The latest computer megatrend, called "cloud computing," comes with the promise of lots more jobs, according to a research report commissioned by Microsoft and released Tuesday.

The report, by research firm IDC of Framingham, Mass., predicts that the more-efficient computing technology will spur 8.8 million new jobs worldwide between 2012 and year end 2015. Estimates place about 13,250 of those jobs here in the Twin Cities, according to the IDC study.

Cloud computing, which is a rent- or pay-as-you-go model for computer services, already has saved companies big bucks because it allows firms to avoid the upfront costs for computer servers, private networks and ongoing maintenance.

"Because companies are not having to spend time doing the drudge maintenance work on their computers, they can innovate," said IDC Vice President John Gantzin an interview with the Star Tribune Tuesday. "That is where the new revenues and jobs are created. These are not IT jobs."

Cloud computing has already helped create 5 million jobs worldwide as of December 2011, said Gantz, who expects the service will create a total of 13.8 million jobs and $1.1 trillion in new business revenue worldwide by 2015.

IDC estimates that half the jobs will sprout in small and medium-size firms and half in the fields of banking, communications, manufacturing and education.

Most of the job growth is not expected to be in the IT sector. Instead the jobs will come from other industries that benefit from the cloud technology, Gantz said. Under most cloud-based models, business customers hire Microsoft, Amazon.com, Salesforce.com, Google or other cloud providers to run their computer maintenance, server space, Web applications and more.

"You only pay for what you are using as opposed to buying it all upfront," said Tim Floyd, director of the Microsoft Technology Center in Edina. "The cloud lets you start up cheaply and, if you fail, it lets you fail inexpensively."

As appealing as the technology sounds, concerns about security and privacy will slow adoption of cloud computing, which relies on Internet connections. Some tightly regulated industries, such as health care, insurance and banking, are more likely to adopt private cloud computing systems that keep all data within the company, Gantz said.

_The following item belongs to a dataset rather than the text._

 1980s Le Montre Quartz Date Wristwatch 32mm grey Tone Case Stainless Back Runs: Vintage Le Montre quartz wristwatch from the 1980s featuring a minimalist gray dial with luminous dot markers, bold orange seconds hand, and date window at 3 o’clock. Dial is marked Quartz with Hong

So-called "public cloud computing" stores information on third-party servers, which poses security concerns for some companies.

Happy developer

For years, Dan Grigsby, a software developer and co-owner of Drivetrain Agency in Minneapolis, worked alone. But that changed two years ago after he found a cloud computing vendor.

Grigsby first put his company calendar on "the cloud," and then his e-mail and accounting. He eventually put his shared customer files on the cloud and found it easier to focus on business. Last year, he took on two partners and two employees.

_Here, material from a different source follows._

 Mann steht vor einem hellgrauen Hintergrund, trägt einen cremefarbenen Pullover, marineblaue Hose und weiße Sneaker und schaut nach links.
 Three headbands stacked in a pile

"We went from a one-person company to a five-person company to probably a six-, eight- or 10-person company by year end," he said. "And all that is possible because I don't have to mess around with the overhead of infrastructure anymore."

Grigsby, who has been in IT for 15 years, said he can't speak to the IDC's global estimates. But he knows cloud computing has helped "my business grow exponentially."

Gantz admitted that the rise of the cloud could prompt some corporations to shrink their IT departments. Still, he predicts they won't. Gantz said that interviews with chief information officers from around the country revealed that most looked at cloud computing as a way to free up existing resources so they can work on more innovative projects, not as a way to cut positions.

The study found that 62 percent of worldwide spending on cloud services comes from the United States.